_Saved data entries_

┌──

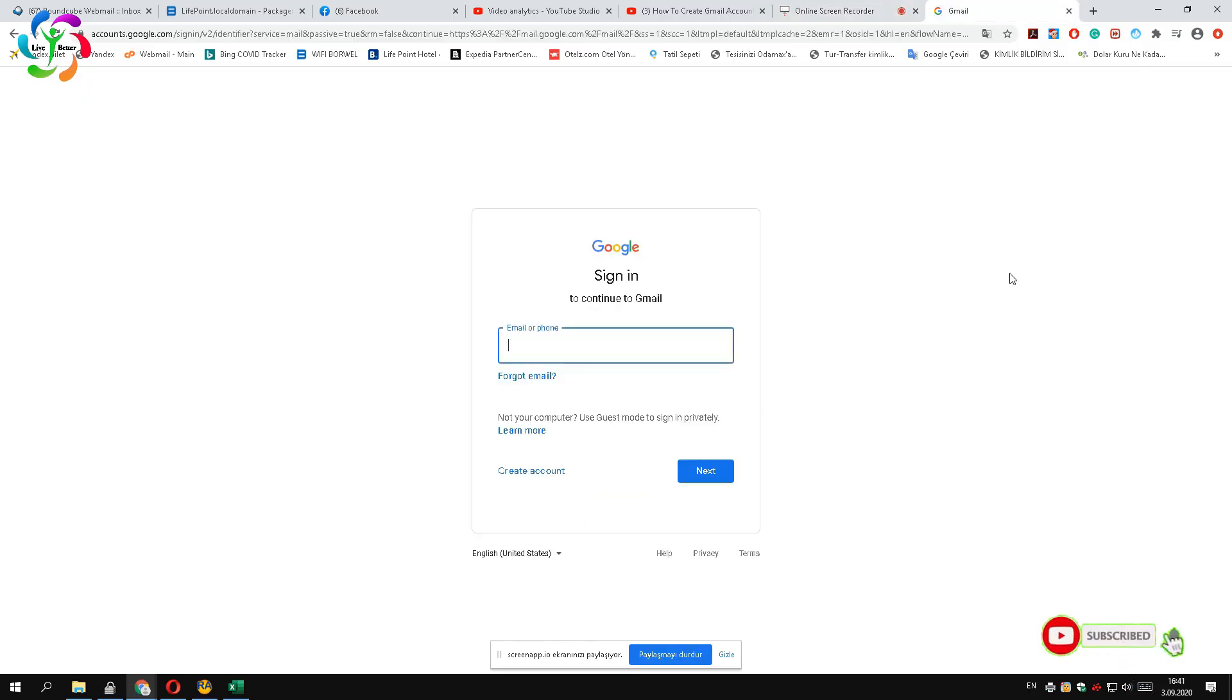Hello guys, welcome to my channel. Today I am going to show you a simple way to create a Gmail account without a phone number.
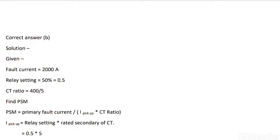PSM means plug setting multiplier. The formula for plug setting multiplier is PSM equals primary fault current divided by I pickup into CT ratio.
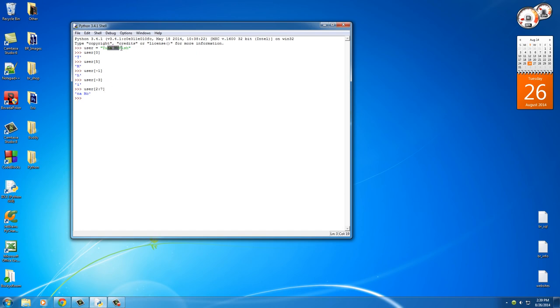Now you see it didn't include that F because it stops right before it. It's pretty much saying, okay, when you get to this character, stop. So that's how you slice out some characters from the middle of a string.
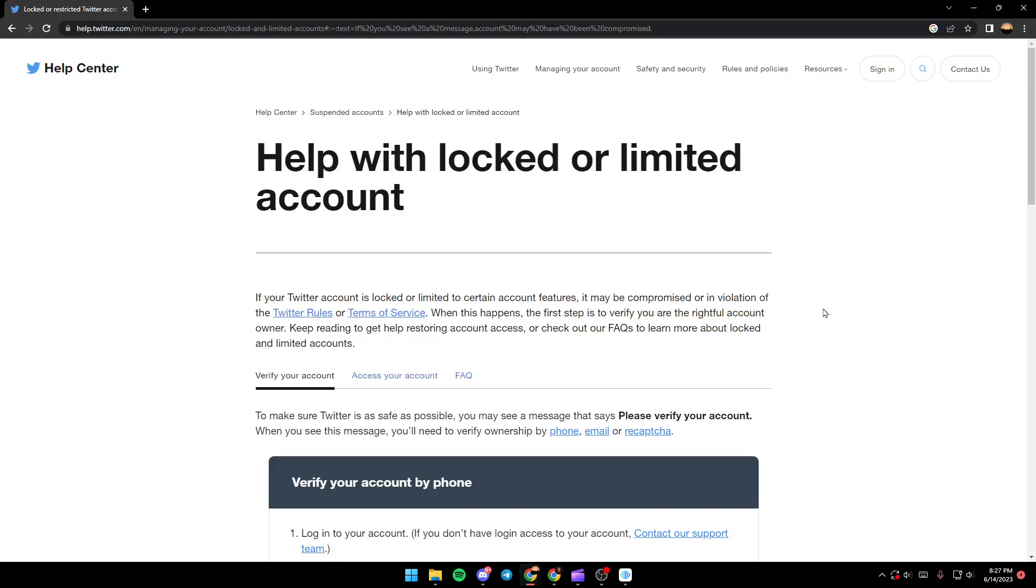So as you can see, now we are in the Twitter help center where I found a guide that shows us everything about locked or limited accounts on Twitter. Here it says:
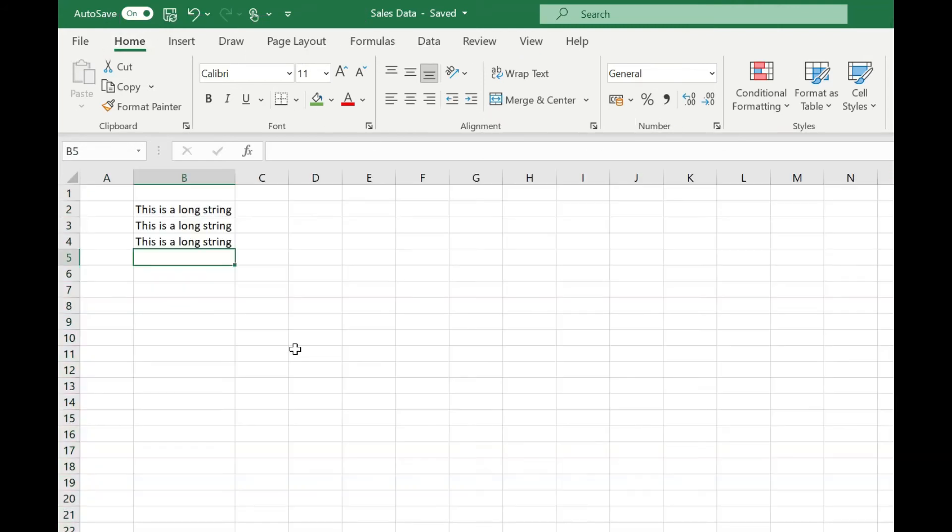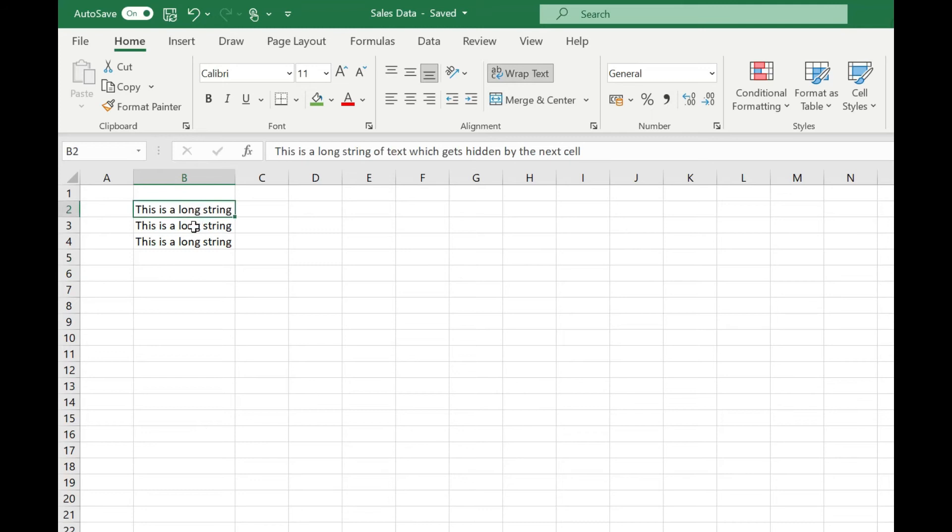You can also auto fit the row height to accommodate your data. For example if you have text that's wrapped onto multiple lines and again you can't see all the text because it's hidden by the subsequent cell.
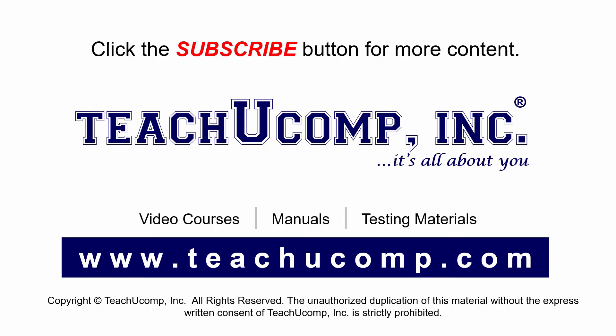Remember to click the Subscribe button to see more of our videos. Get ad-free courses at teachucomp.com.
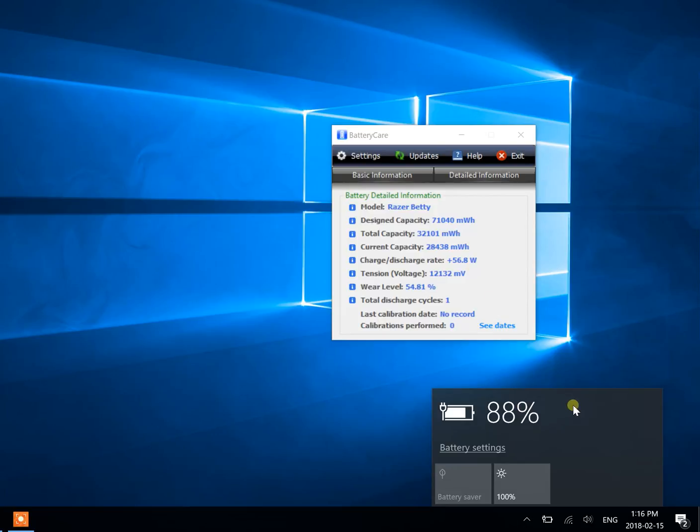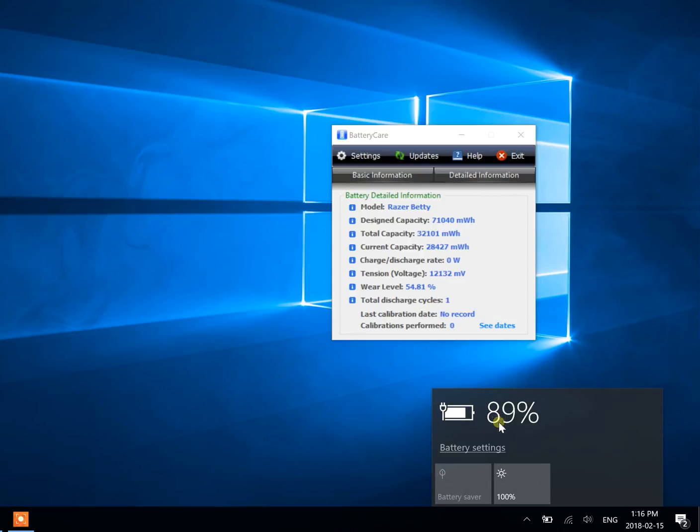I'm going to wait for a minute here. And there it goes, it's no longer charging, but it's still plugged in.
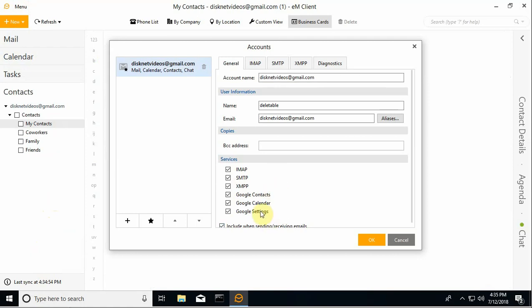You can pick and choose whether you want to sync calendar or contacts or email. You don't have to do all or none. You can pick and choose the types that you want to sync.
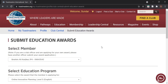This sums up how to approve a level completion request submitted by a member in Base Camp, how to approve it as a Base Camp Manager, and how to return to Club Central to submit that education award to the Distinguished Club Program.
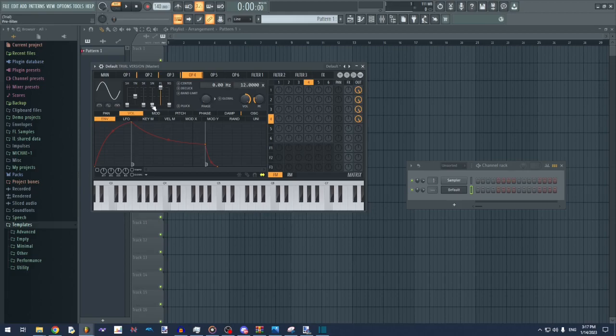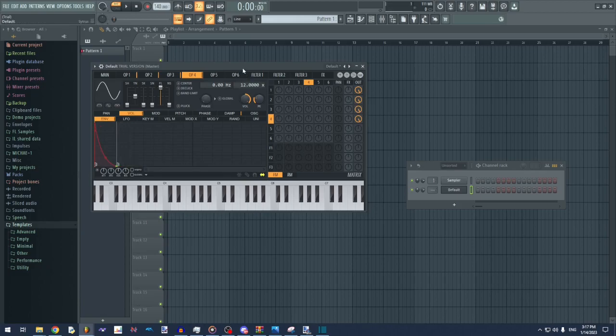And then also go to the volume envelope on 4, and then make it plucky. Like that. And then that's it.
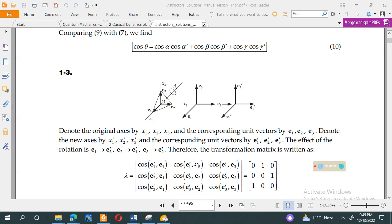The angle between e1 prime and e1: e1 prime is at 90° + 30° from e1, so cos(90°) equals 0. The angle between e1 prime and e2: these two are parallel, so cos(0°) equals 1. The angle between e1 prime and e3 is 120°, which can be written as cos(90° + 30°), so it equals 0.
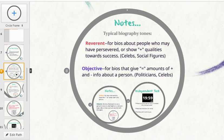First off, there's reverent. As I said on the screen, it can mean two things: whether it's showing how a person has overcome a lot of obstacles to be who they are today, or how an individual has done a lot of positive things in their life. A lot of students find themselves falling under this tone for their project, because you're writing about someone really close to you and learning about everything they've gone through.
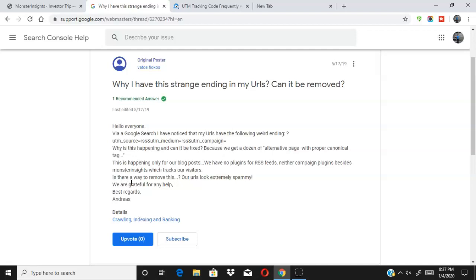I'm going to show you guys really quickly and easily how to remove this. As you can see here, it says we have no plugins or RSS feeds, neither campaign plugins besides Monster Insights which tracks our visitors. Yes, so there is a way to remove this and I actually had the Monster Insights plugin as well, so that's why I knew that was the culprit.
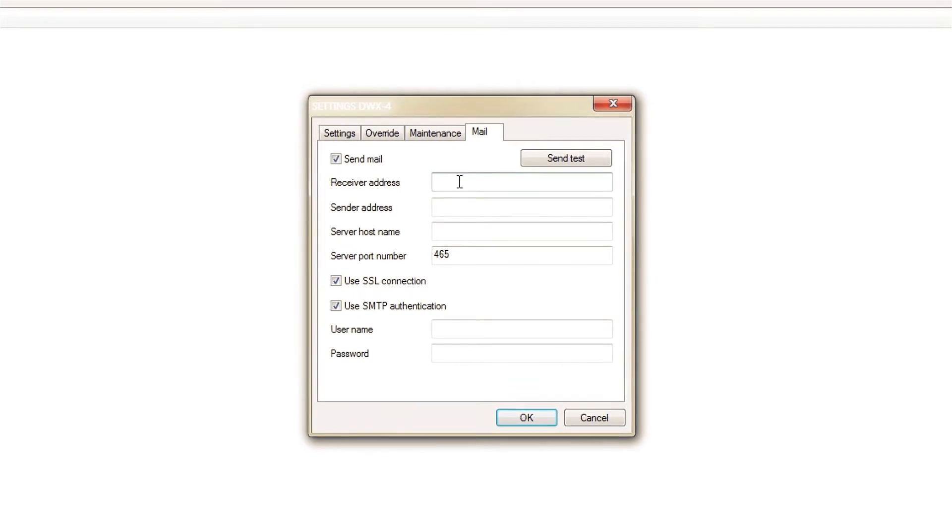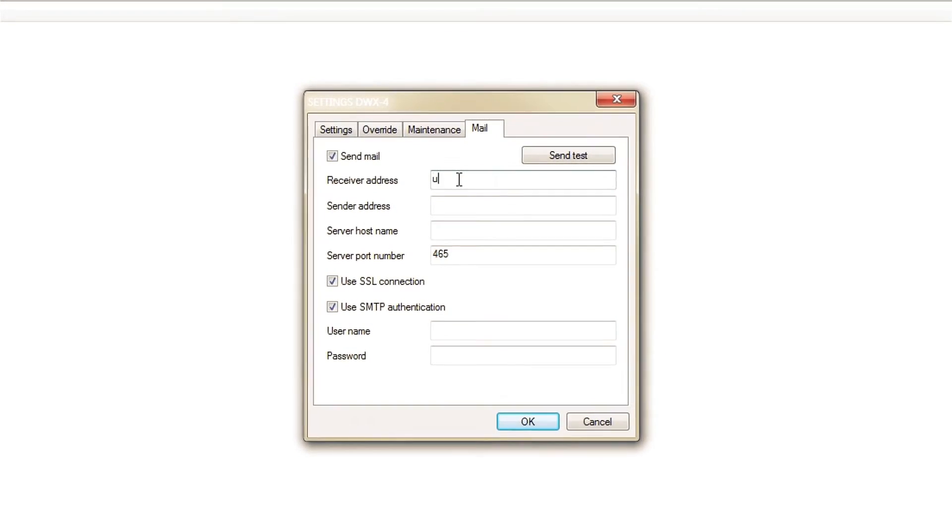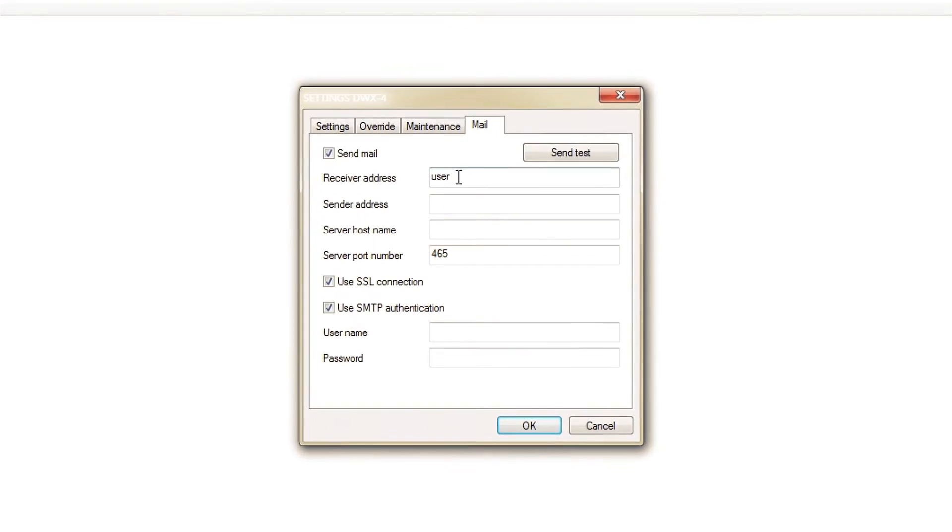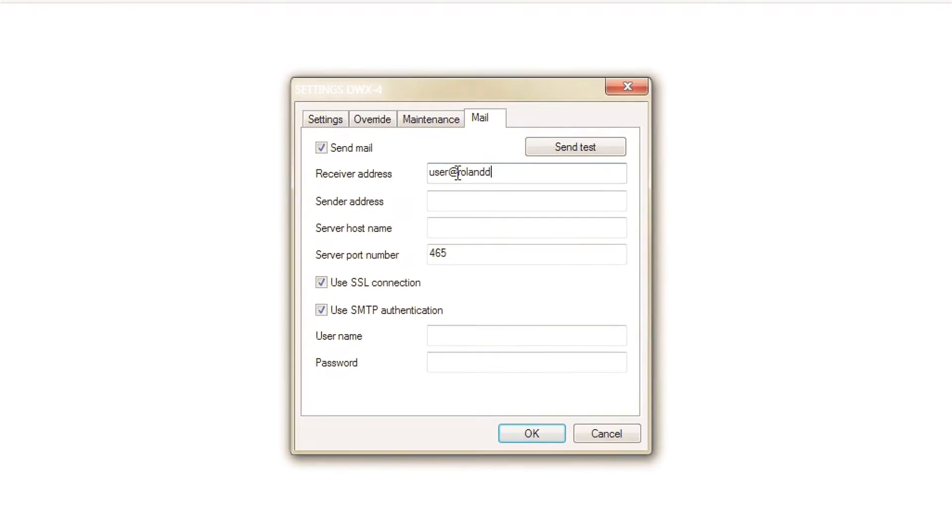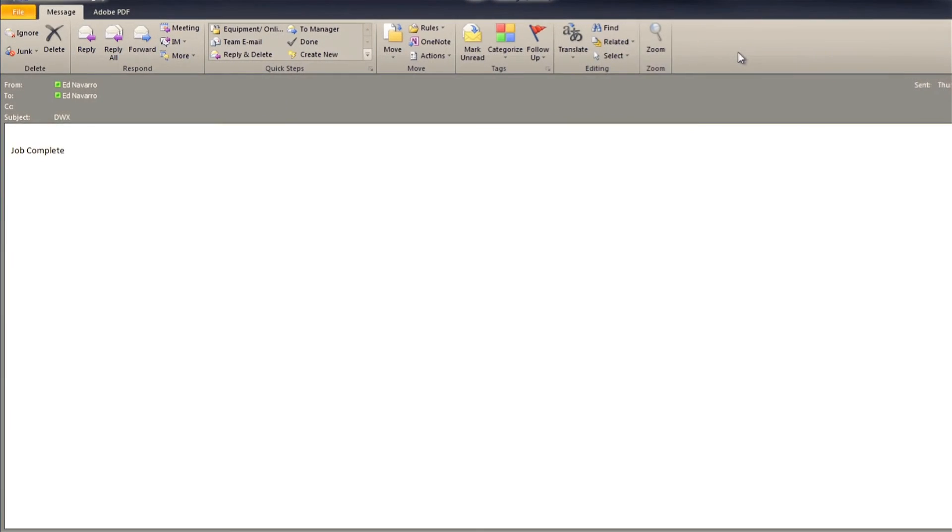The DWX4 even sends you an email notification of any errors or when a job is completed.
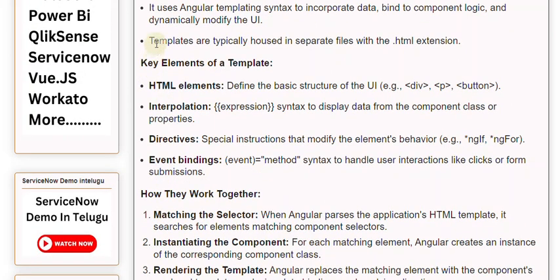Templates are typically housed in separate files with the HTML extension. Key elements of a template include HTML elements, which define the basic structure of the UI — for example, div, p, and button tags — and interpolation expression syntax to display data from the component class or properties.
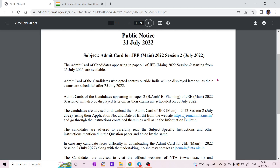Hello students, welcome to RH Chemistry. So JEE Main Session 2 paper — the admit card for candidates appearing in Paper 1 of JEE Main 2022 Session 2, which is starting from 25th July 2022, is available now on the jeemain.nta.nic.in website.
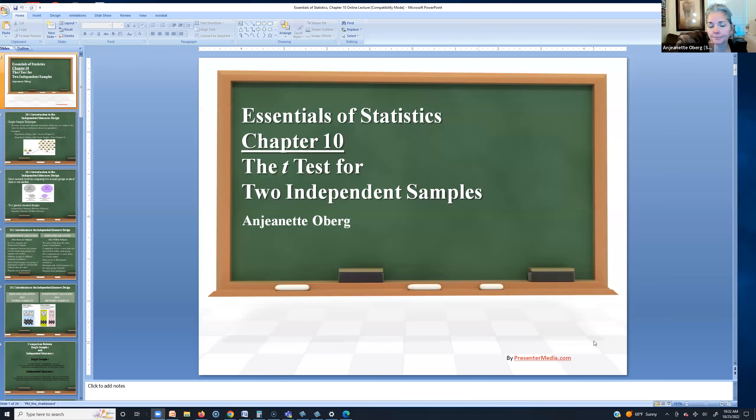Hi everybody, it's Ajannette, and I'm going to attempt to do your Chapter 10 Lecture for Independent Measures T-Test. Let me go ahead and share my screen. I say attempt because I don't know if I'll be able to use the whiteboard much on this lecture — my pen is not working properly. So let's see what I can do.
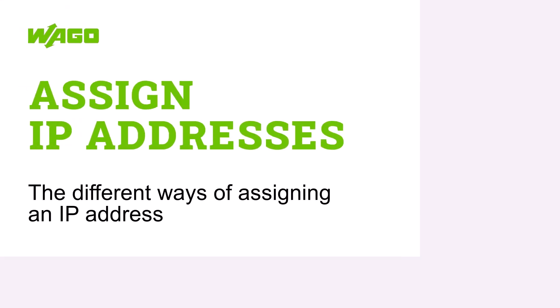Hello. In this WAGO tutorial, we will show you different ways to find a controller in an IP network, how to assign an IP address, and how to communicate with it.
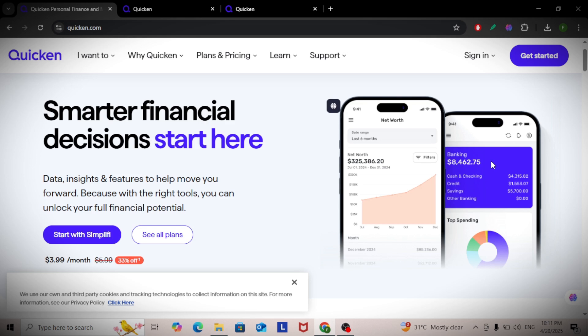It's ideal for freelancers, small business owners, or anyone juggling both sides of their financial life. Start by setting up two separate accounts, one for personal and one for business.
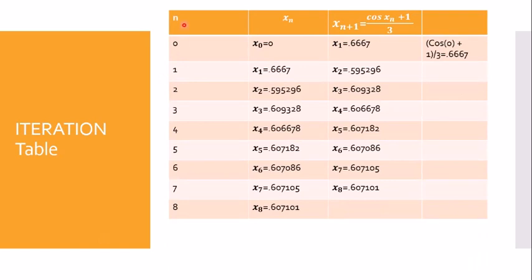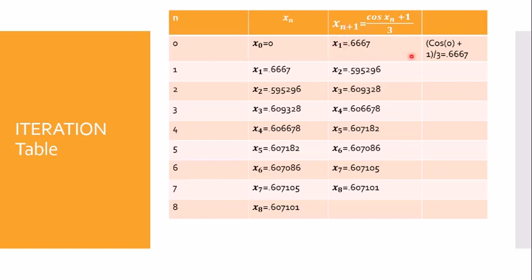The iteration table has columns for n, xₙ, and x_{n+1} = (cos xₙ + 1)/3. When n = 0, xₙ = x₀ = 0 (the initial root). Substituting into the formula, x₁ = (cos 0 + 1)/3. I have worked out the first row in the working space and will explain how the answer was derived.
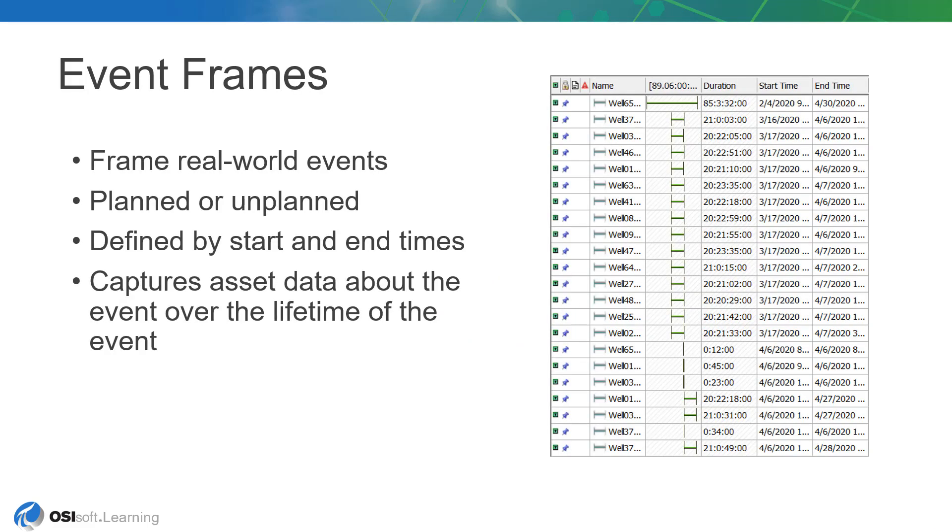Since this lesson touches on PyVision's support for visualizing events, it's important to understand just what an event frame is.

└──

_Task to complete_
Among the entries above, take the line with "And then also", the line with "The DWX4 even", and all the lines between them, and restate them word for word without pictures.

_Your solution_
And then also go to the volume envelope on 4, and then make it plucky. Like that. And then that's it.
The angle between e1 prime and e1: e1 prime is at 90° + 30° from e1, so cos(90°) equals 0. The angle between e1 prime and e2: these two are parallel, so cos(0°) equals 1. The angle between e1 prime and e3 is 120°, which can be written as cos(90° + 30°), so it equals 0.
First off, there's reverent. As I said on the screen, it can mean two things: whether it's showing how a person has overcome a lot of obstacles to be who they are today, or how an individual has done a lot of positive things in their life. A lot of students find themselves falling under this tone for their project, because you're writing about someone really close to you and learning about everything they've gone through.
I'm going to show you guys really quickly and easily how to remove this. As you can see here, it says we have no plugins or RSS feeds, neither campaign plugins besides Monster Insights which tracks our visitors. Yes, so there is a way to remove this and I actually had the Monster Insights plugin as well, so that's why I knew that was the culprit.
The DWX4 even sends you an email notification of any errors or when a job is completed.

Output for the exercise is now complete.